1. Defendant VITELCO joined in the motion. [DE 238].
2. Plaintiff Jose Figueroa also was allegedly injured as a result of the same incident. Compl. [DE 1] at ¶¶ 19-20.
3. The District Court vacated the stay order as of 12:00 p.m. on August 3, 2016. [DE 280].
4. On December 1, 2015, certain amendments to Rule 26 went into effect, but for purposes of the issue presently before the Court, the amendments do not substantively change the analysis that this Court must perform.
5. See, e.g., RLS Associates, LLC v. United Bank of Kuwait, 2005 WL 578917, at *6 (S.D.N.Y. Mar. 11, 2005) ("the majority of courts" have made what "can only be described as a federal common law distinction between "discovery depositions" and "trial depositions" (or alternatively, "preservation depositions"), and have held the latter category permissible even after the discovery deadline had passed."); see also Rains v. Bnsf Ry. Co., 2010 U.S. Dist. LEXIS 143225 *2 (N.D. Tex. Apr. 1, 2010) (where "a witness cannot appear due to an unforeseen circumstance such as illness, courts allow depositions beyond the discovery deadline to preserve the witness's testimony for trial"); Spangler v. Sears, Roebuck & Co., 138 F.R.D. 122, 124 (S.D. Ind. 1991) (finding that after the discovery cut-off a party may not engage in any further discovery, but the discovery cut-off "does not prevent a party from memorializing a witness' testimony in order to offer it at trial."); Estenfelder v. Gates Corp., 199 F.R.D. 351, 354 (D. Colo. 2001) (trial depositions are not discovery depositions).
6. In re Tutu Water Wells Contamination Cercla Litig., 189 F.R.D. 153, 157, 1999 U.S. Dist. LEXIS 10139 (D.V.I. Jun. 16, 1999) ("this Court is unable to recognize a distinction between a de bene esse deposition and one used for discovery."). See also Harris v. CRST VAN Expedited, Inc., 2015 U.S. Dist. LEXIS 6619 (N.D. Iowa Jan. 21, 2015) (barring depositions from use at trial where plaintiff deposed his own doctors outside the discovery period and without the presence of defense counsel)); Settles v. Livengood, 2015 U.S. Dist. LEXIS 57833 (E.D. Mo. May 4, 2015) ("[T]here is no right to a `trial deposition' separate and apart from the `deposition' rules expressly found in Rules 30 through 32. Parties who make the tactical decision not to preserve deposition testimony during the discovery phase take the risk that the testimony will not be presented if the witness is unable or unwilling to appear at trial.")

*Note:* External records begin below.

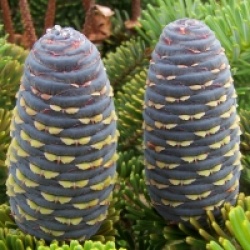 Abies koreana  - Sapin de Cor�e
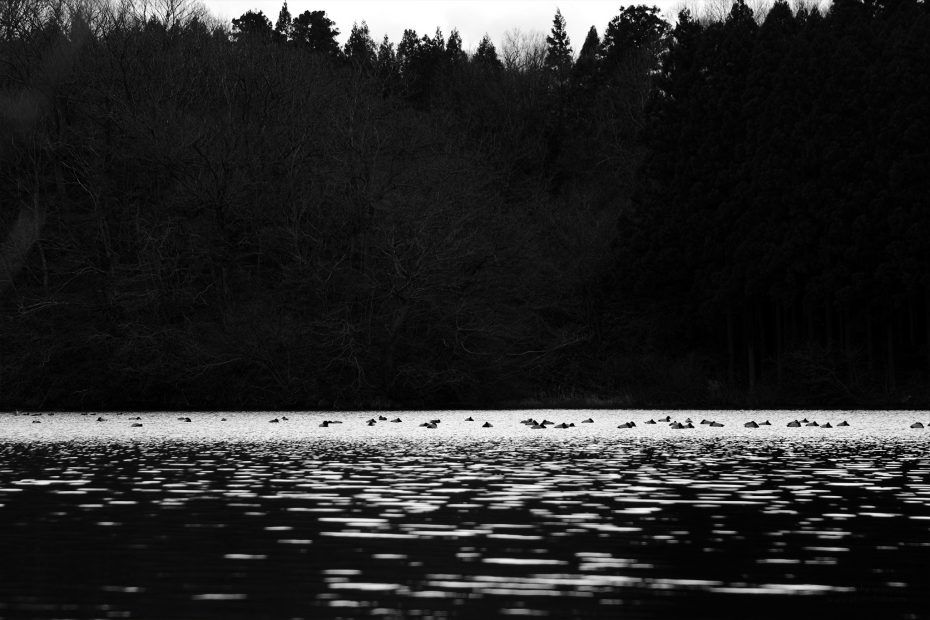 362/366 days photography season 6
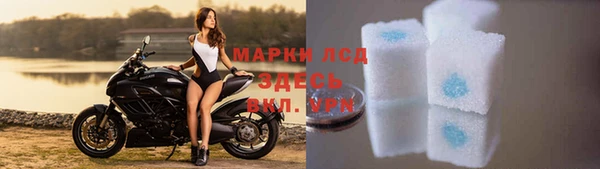 гашик Нея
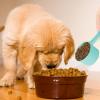 Pet Food Measuring Spoon, 100g Capacity view 2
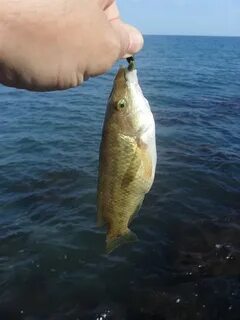 Что ловится в черном море с берега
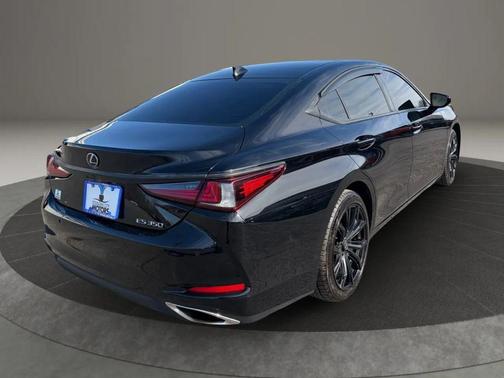 2019 Lexus ES 350 Luxury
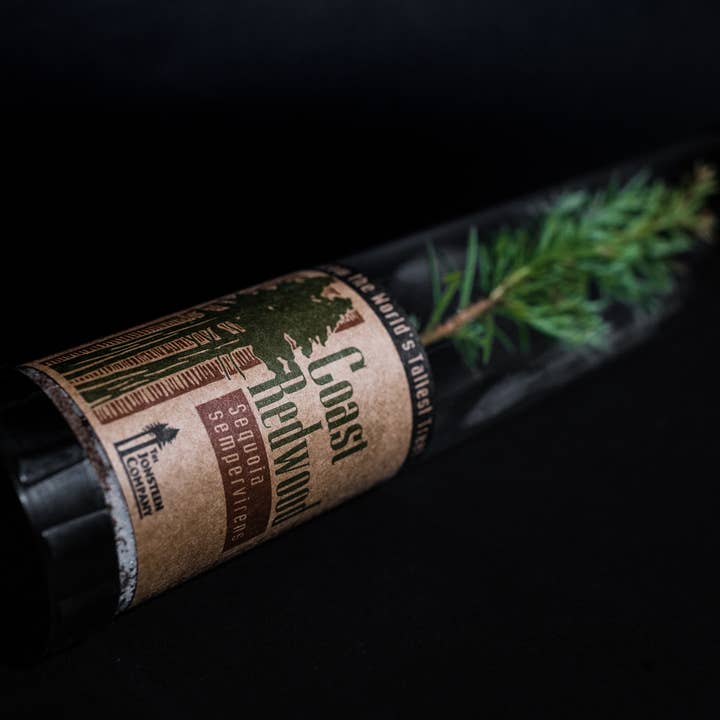 The Jonsteen Company - Wholesale Live Plant - Coast Redwood | Packaged Live Tree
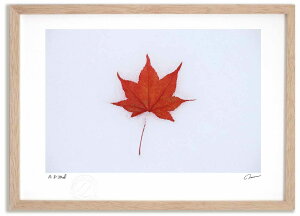 �A�[�g�t�H�g �G�� �V��Ɨ����t1 �����^��/�C���e���A �z���� �z���� ���i�� ���G �|�X�^�[ �A�[�g �A�[�g�p�l�� ���r���O ���� �v���[���g ���_�� �A�[�g�t���[�� ���� ������� �Ǌ|�� �G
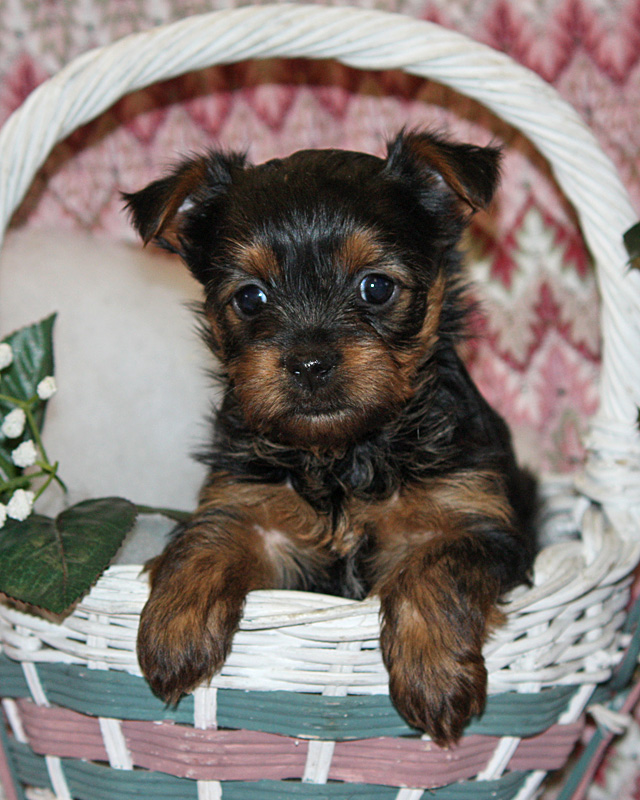 Rickie B Photography Lancaster Puppies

7. See Section III. L. 5-6, The Hon. Curtis V. Goméz, Policies and Procedures (Feb. 2, 2016), http://www.vid.uscourts.gov/sites/vid/files/CVG Policies and Procedures.
8. Plaintiffs apparently did not specifically identify Dr. Marino as a witness, although his name did appear in one medical record that plaintiffs produced.
9. Defs.' Reply to Opp'n [DE 241] at p. 4 (there is a "lack of any evidence that Dr. Chay's lack of availability for trial is a recent occurrence.").